**Problem requirements**
Go to the line with "IMG_4822 Samedi 12/03, toujours" in the entries below and write out every line from there through the line with "Gregory Slingbag tas selempang 240625", exactly and without pictures.

**Provided information**

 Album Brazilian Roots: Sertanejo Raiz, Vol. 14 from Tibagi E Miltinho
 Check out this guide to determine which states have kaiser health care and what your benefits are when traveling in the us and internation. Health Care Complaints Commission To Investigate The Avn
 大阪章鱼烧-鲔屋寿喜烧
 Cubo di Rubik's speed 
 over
...
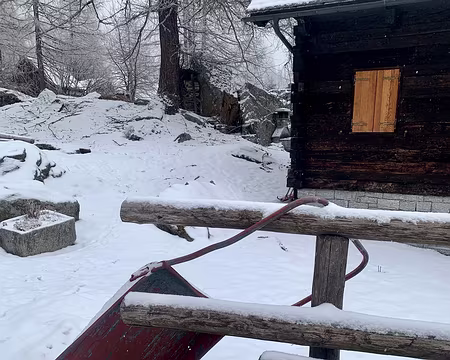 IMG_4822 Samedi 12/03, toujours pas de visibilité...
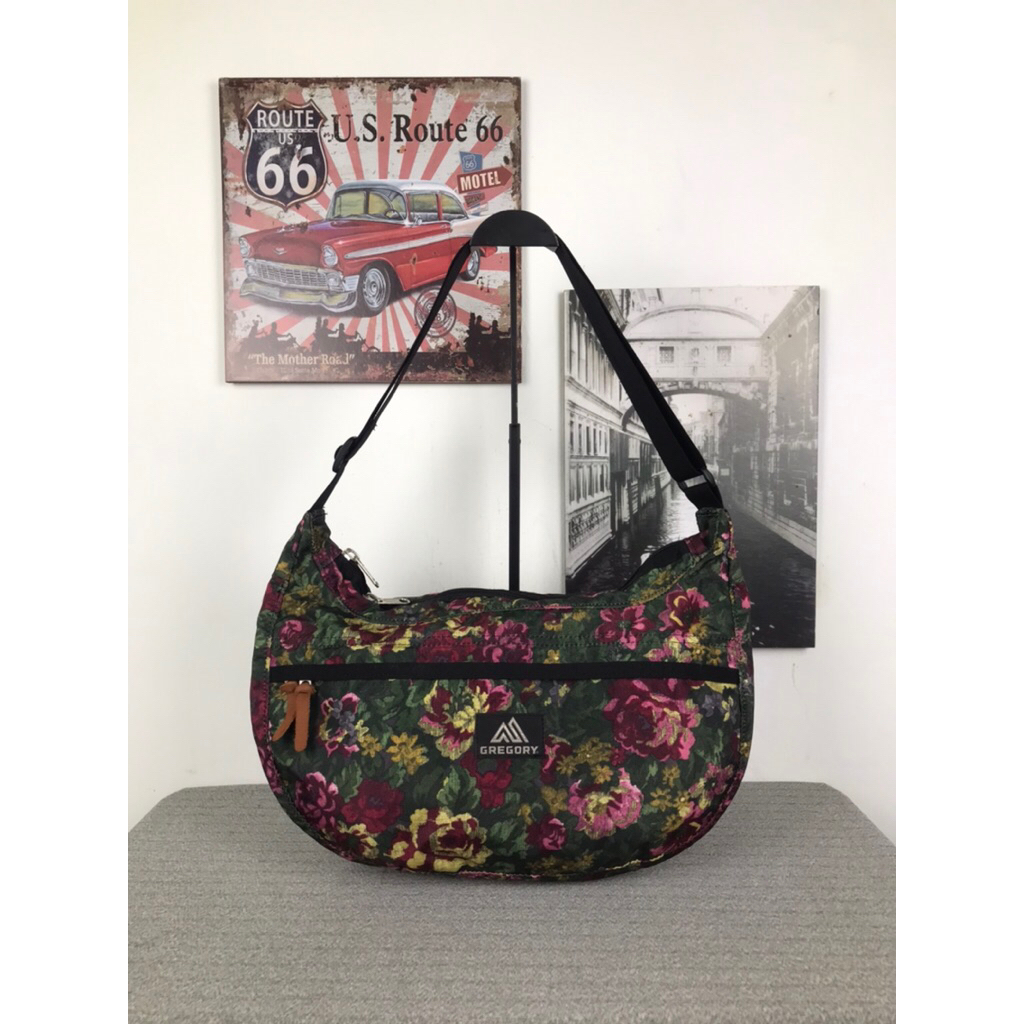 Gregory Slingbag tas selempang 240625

**Reply to the exercise**
 IMG_4822 Samedi 12/03, toujours pas de visibilité...
 Gregory Slingbag tas selempang 240625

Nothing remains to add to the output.